== Dataset extract ==

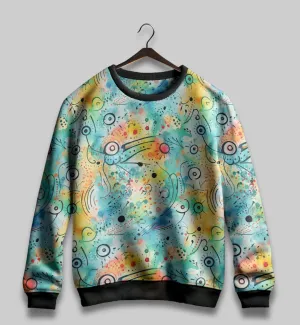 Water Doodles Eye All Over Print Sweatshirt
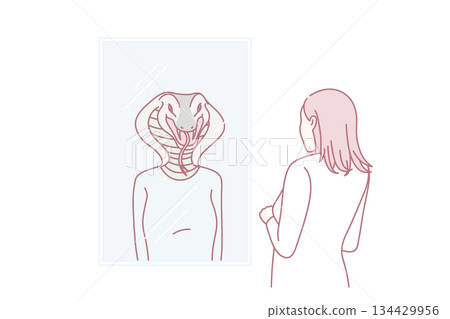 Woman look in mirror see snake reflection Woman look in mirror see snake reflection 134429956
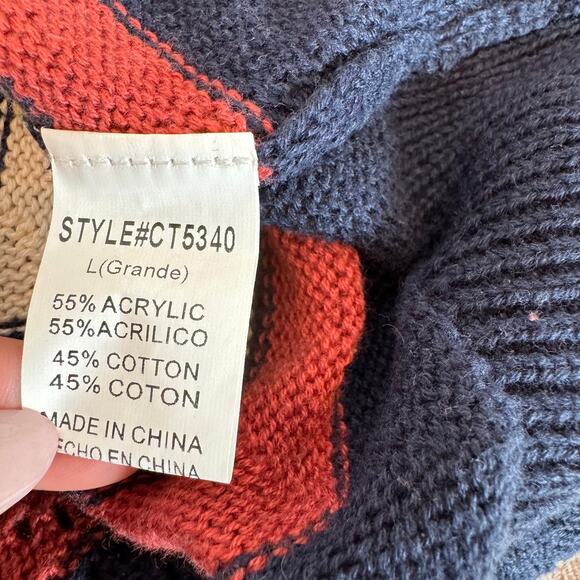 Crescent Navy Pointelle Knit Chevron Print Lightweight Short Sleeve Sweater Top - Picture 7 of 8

===
== Dataset extract ==

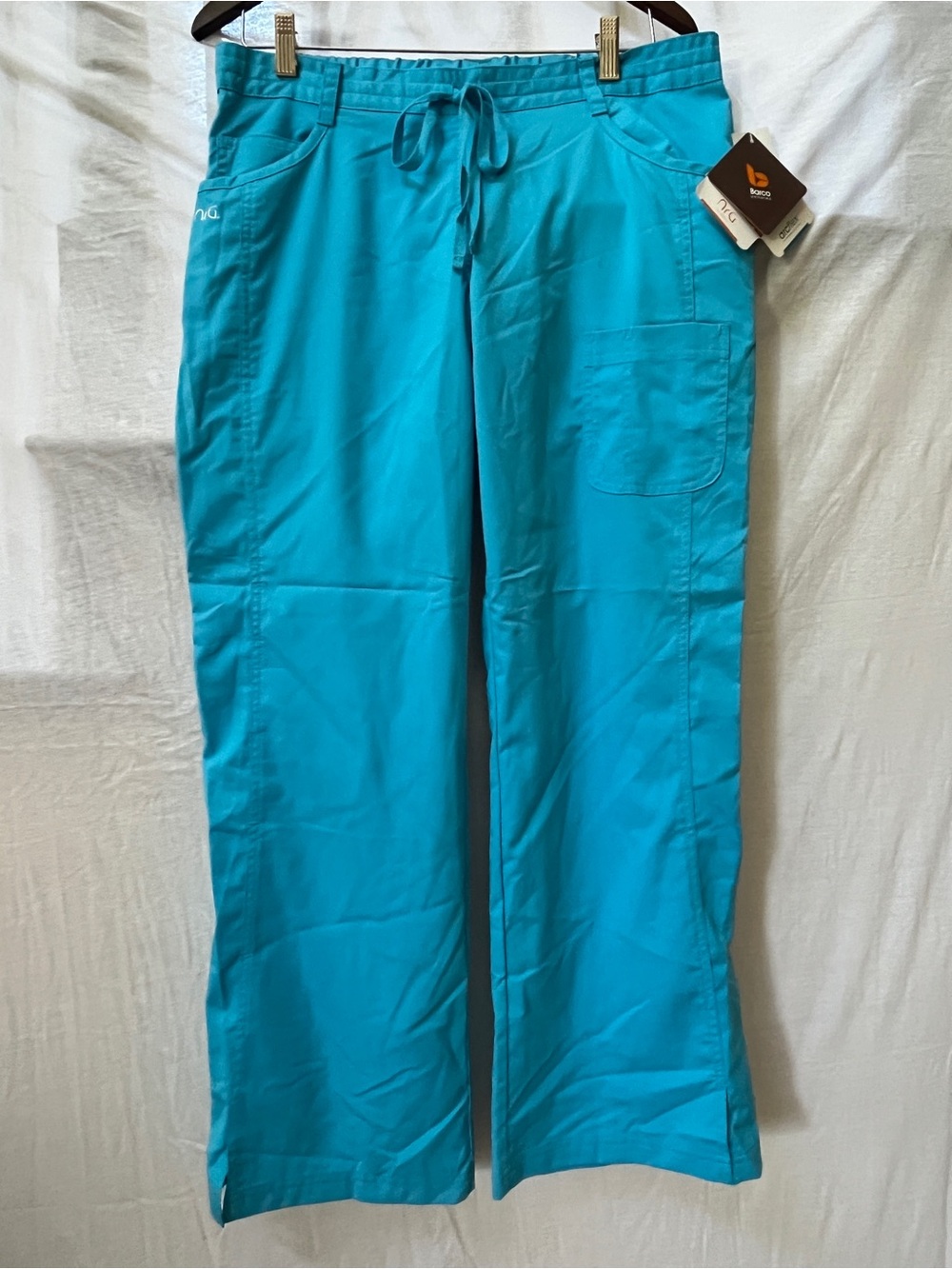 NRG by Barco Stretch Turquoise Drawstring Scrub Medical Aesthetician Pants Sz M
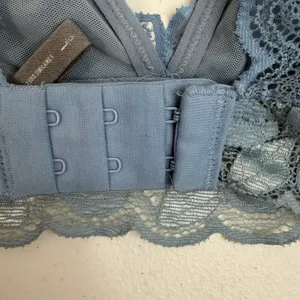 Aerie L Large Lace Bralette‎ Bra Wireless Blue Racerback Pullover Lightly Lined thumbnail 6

===
== Dataset extract ==

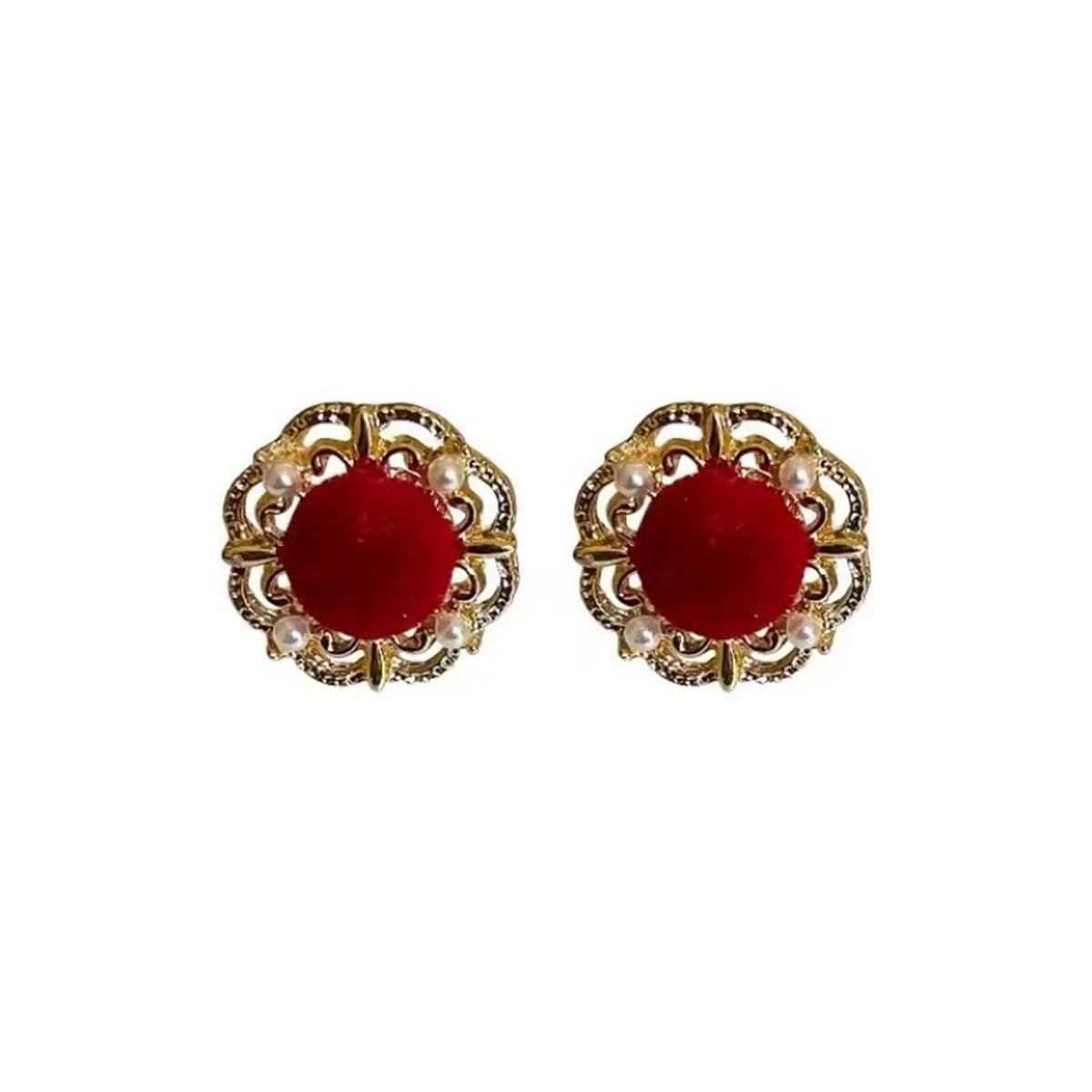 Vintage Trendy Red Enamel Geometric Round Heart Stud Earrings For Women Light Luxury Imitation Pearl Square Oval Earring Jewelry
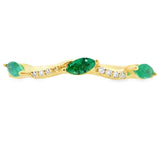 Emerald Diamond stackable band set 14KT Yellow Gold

===

What is expected
What you return from the records above should be exactly everything from the line with "Water Doodles Eye All Over Print Sweatshirt" down to the line with "Crescent Navy Pointelle", both kept, and no pictures.

Exercise response
 Water Doodles Eye All Over Print Sweatshirt
 Woman look in mirror see snake reflection Woman look in mirror see snake reflection 134429956
 Crescent Navy Pointelle Knit Chevron Print Lightweight Short Sleeve Sweater Top - Picture 7 of 8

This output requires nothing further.